Brief descriptive captions
========================================================================
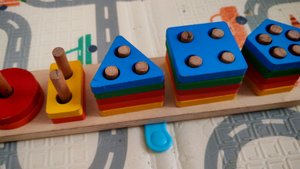 учимся собирать детский сортер, изучаем цветы и формы с детьми, детчкие развивающие игры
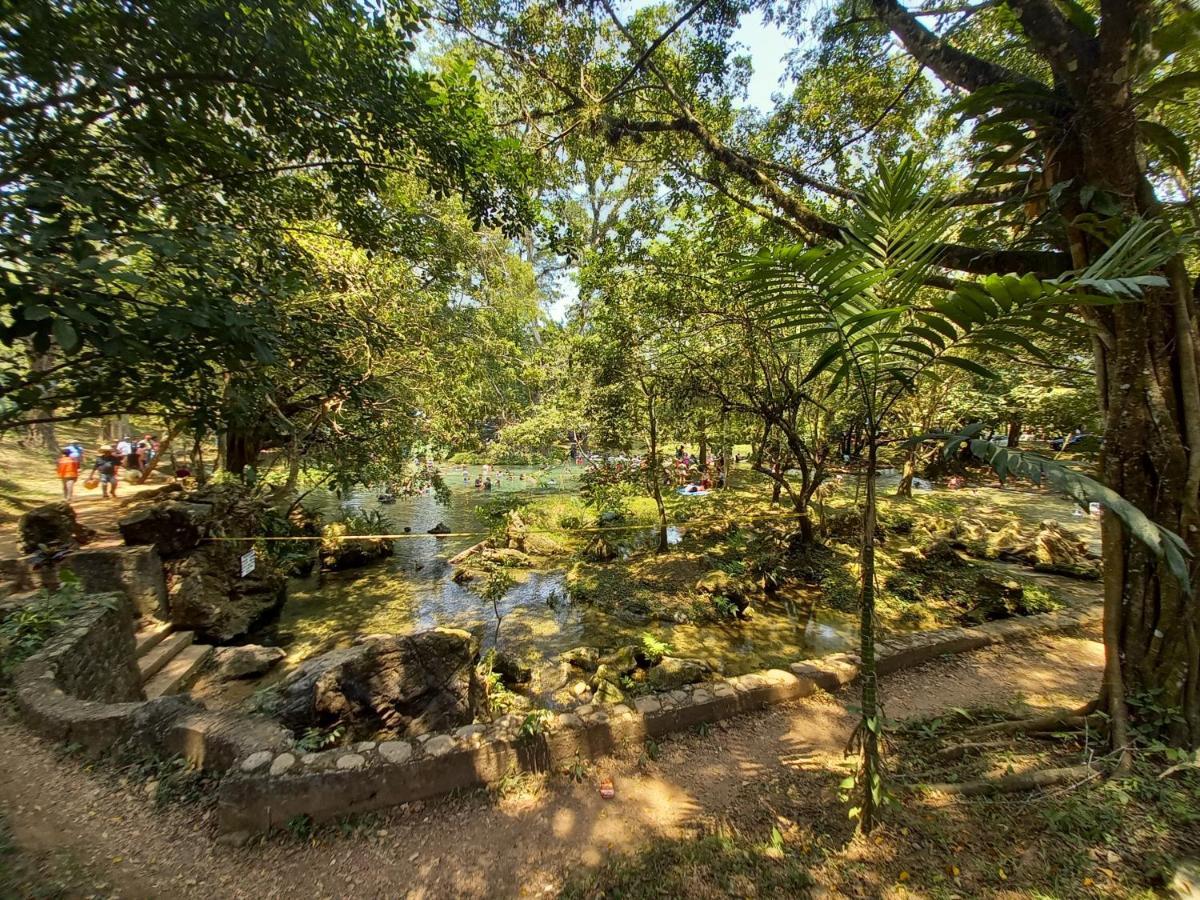 Hniu Li Valle Nacional Luaran gambar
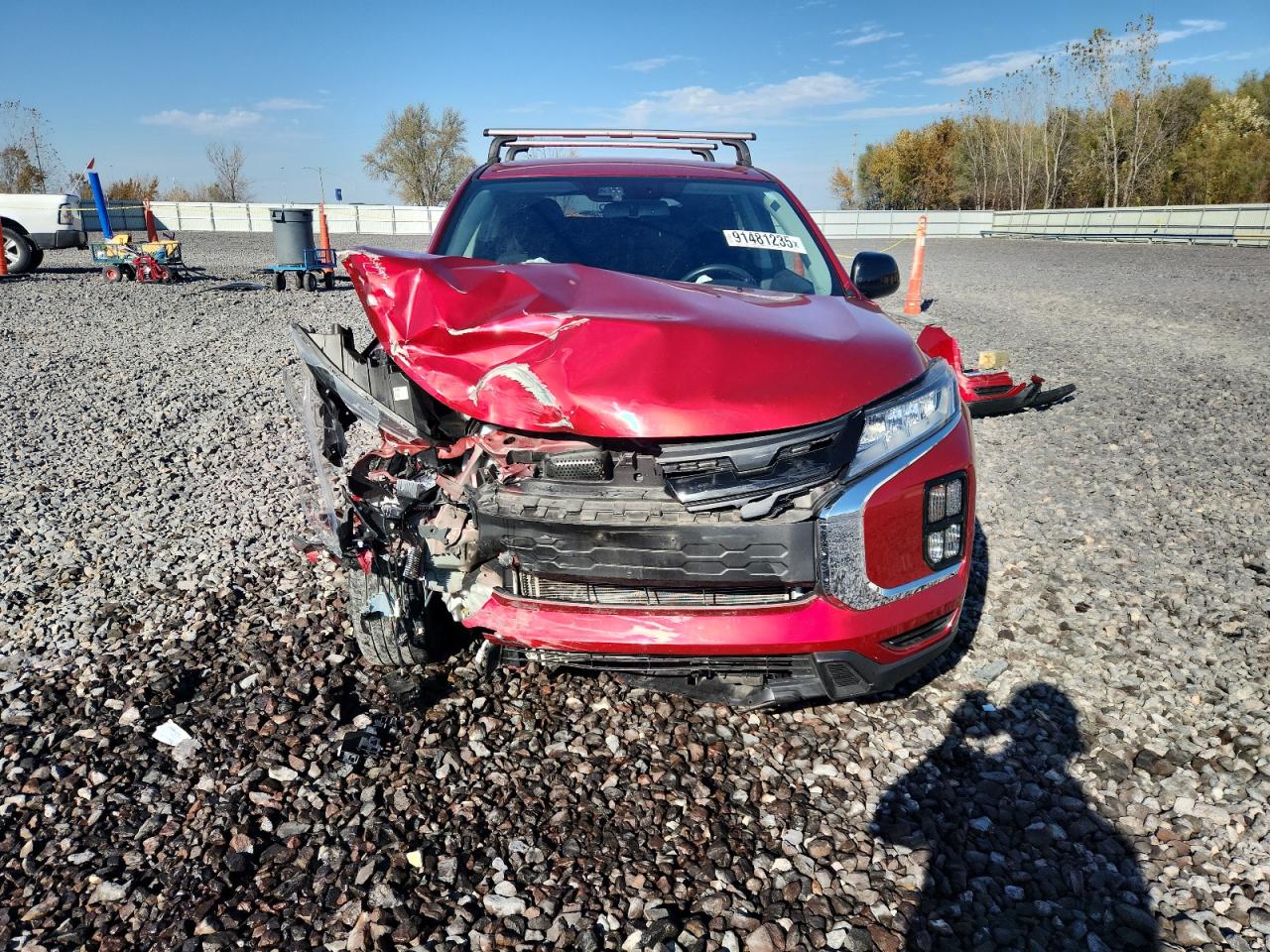 MITSUBISHI OUTLANDER ES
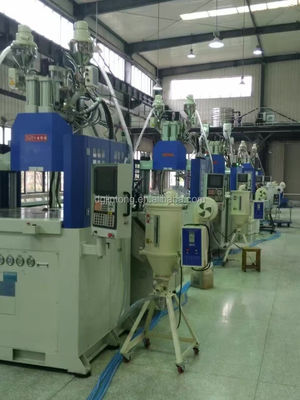 Machine de moulage par injection de plastique verticale à double couleur PP JTT-550 2V-3R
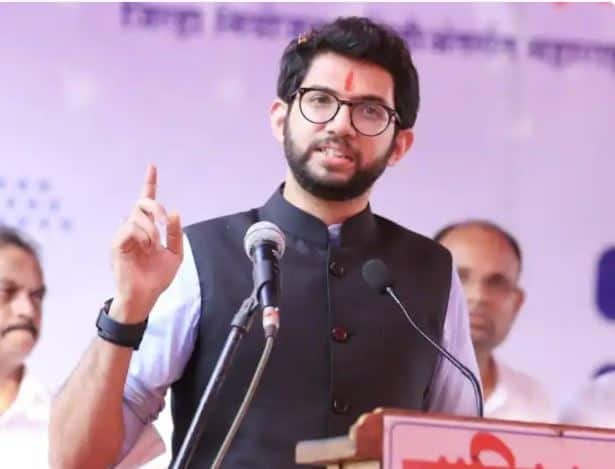 This unconstitutional government of 2 people, said  Aditya Thackeray हे घटनाबाह्य 2 लोकांचं सरकार, आदेश घ्यायला दिल्लीत बसलंय: आदित्य ठाकरे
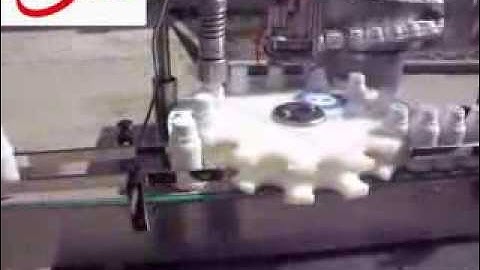 How does Single head capping machine Work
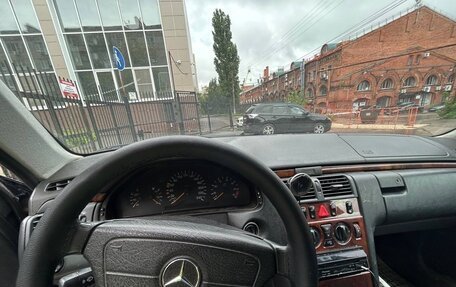 Mercedes-Benz E-Класс, 1999 год, 150 000 рублей, 9 фотография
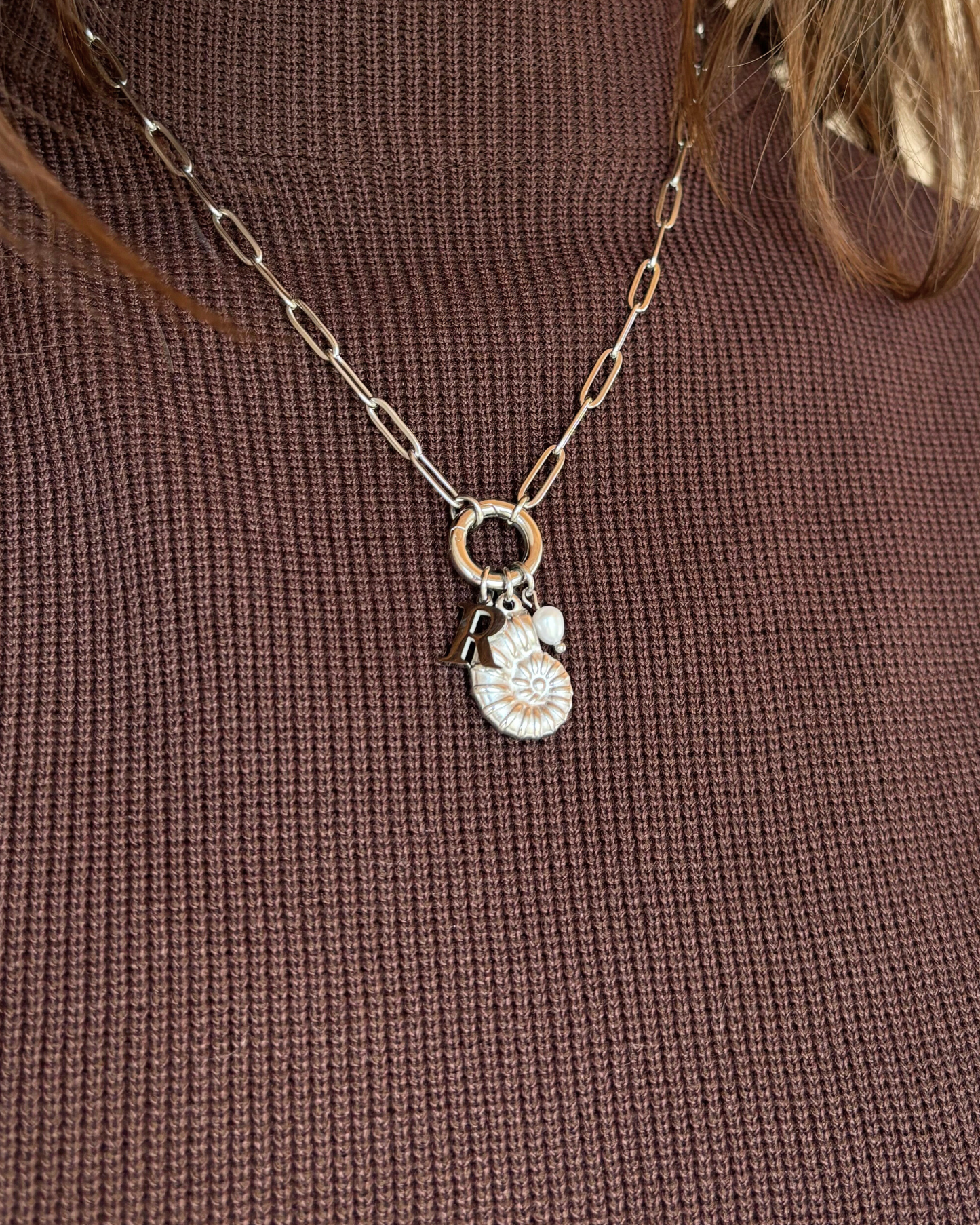 Populaire bedelcombinatie met schelp - ketting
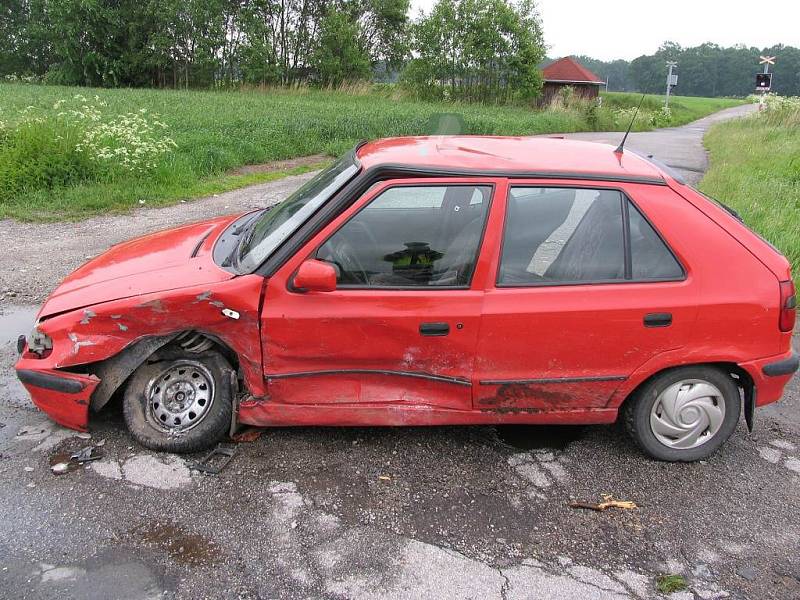 Srážka dvou aut v Lomnici nad Lužnicí.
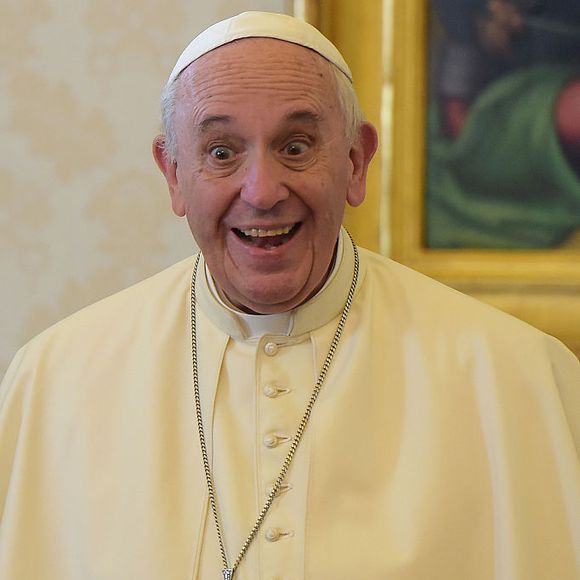 2015: Papa Francisco se encontra com o primeiro-ministro do Kuwait, Sheik Jaber Mubarak Al-Hamad Al-Sabah, no Vaticano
========================================================================
WHAT THE EXERCISE ASKS.
Your copy should hold exactly the lines from the one with "Srážka dvou aut v Lomnici nad Lužnicí." through the end of the records, both included, and no pictures.

SOLVED EXERCISE.
 Srážka dvou aut v Lomnici nad Lužnicí.
 2015: Papa Francisco se encontra com o primeiro-ministro do Kuwait, Sheik Jaber Mubarak Al-Hamad Al-Sabah, no Vaticano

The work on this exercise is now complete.